Seorang ibu fitrahnya di rumah mengurusi keluarganya. Peran ini kemudian bergeser membuat ibu pergi ke luar rumah untuk mencari nafkah. Hal ini dilakukan semata untuk memenuhi kebutuhan rumah tangga yang belum tercukupi dari upah suami saja. Keluarnya peran seorang ibu dari fitrahnya menimbulkan efek domino akibat sistem kapitalis yang diadopsi di berbagai negara.
Islam solusi
Dalam surah Al-Ahzab ayat 33 Allah Swt. berfirman:
yang artinya “Dan hendaklah kamu tetap tinggal di rumah-rumah kalian dan janganlah kalian berhias dan bertingkah laku seperti orang-orang jahiliyah yang dahulu. Dan dirikanlah shalat, tunaikan zakat dan taatilah Allah dan Rasul-Nya. Sesungguhnya Allah bermaksud hendak menghilangkan dosa dari kamu, wahai ahlul bait, dan membersihkan kamu sebersih-bersihnya”.
Rasulullah SAW bersabda:
“Sesungguhnya perempuan itu aurat. Jika dia keluar rumah maka setan menyambutnya. Keadaan perempuan yang paling dekat dengan Allah adalah ketika dia berada di dalam rumah”. (HR. Tirmidzi). Selain itu Rasulullah juga menjelaskan keutamaan wanita lebih baik diam di rumah dengan hadis yang lain yaitu “Aku tidak pernah tinggalkan godaan apapun yang paling berbahaya bagi para lelaki dibandingkan perempuan”. (HR. Bukhari dan Muslim).

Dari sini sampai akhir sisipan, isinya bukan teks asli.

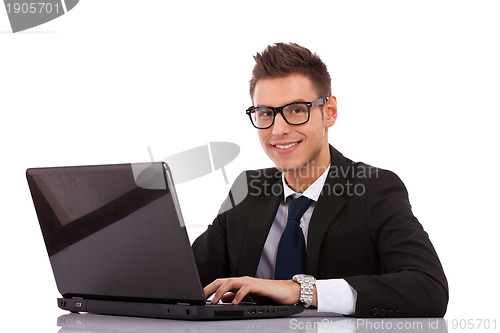 Image of business man wearing glasses  using a laptop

Segala persoalan berbagai problematika ibu dapat dicegah dengan sistem Islam. Mengembalikan perannya sesuai fitrah hanya bisa dilakukan ketika Islam diterapkan tak hanya dalam lingkup keluarga tapi juga negara. Negara yang mau menerapkan aturan Islam akan menempatkan seorang Ibu pada posisinya yang mulia. Karena peradaban dimulai dari peran ibu dalam mendidik generasinya.
Nabi shallallahu ‘alaihi wasallam pernah berdoa:
اَللَّهُمَّ مَنْ وَلِيَ مِنْ أَمْرِ أُمَّتِي شَيْئًا فَشَقَّ عَلَيْهِ فَاشْقُقْ عَلَيْهِ
Artinya: “Ya Allah, barangsiapa yang mengurusi urusan umatku kemudian dia merepotkan umatku maka susahkanlah dia.” (HR Muslim 1828)
Dalam riwayat lain Beliau bersabda:
وَمَنْ يُشَاقِقْ يَشْقُقِ اللَّهُ عَلَيْهِ يَوْمَ الْقِيَامَةِ
“Barangsiapa yang menyulitkan (orang lain) maka Allah akan mempersulitnya para hari Kiamat.” (HR Al-Bukhari 7152)
Seorang ibu membutuhkan kata-kata dan semangat yang positif, bukan penghakiman. Seorang ibu butuh kewarasan dan ketenangan agar mampu mengasuh anak-anaknya dan menjadi sahabat suaminya dalam mengarungi rumah tangga. Hanya dalam sistem Islam yang telah terbukti sempurna akan mampu mengatasi berbagai masalah pelik ini dengan begitu akurat dan terperinci baik permasalahan ekonomi, pendidikan, sosial, melalui institusi sistem negara yang amanah. Pada akhirnya akan terbentuklah keluarga yang harmonis yang akan melahirkan generasi-generasi emas pembangun peradaban yang mulia. Ratusan tahun sejarah Islam telah membuktikannya.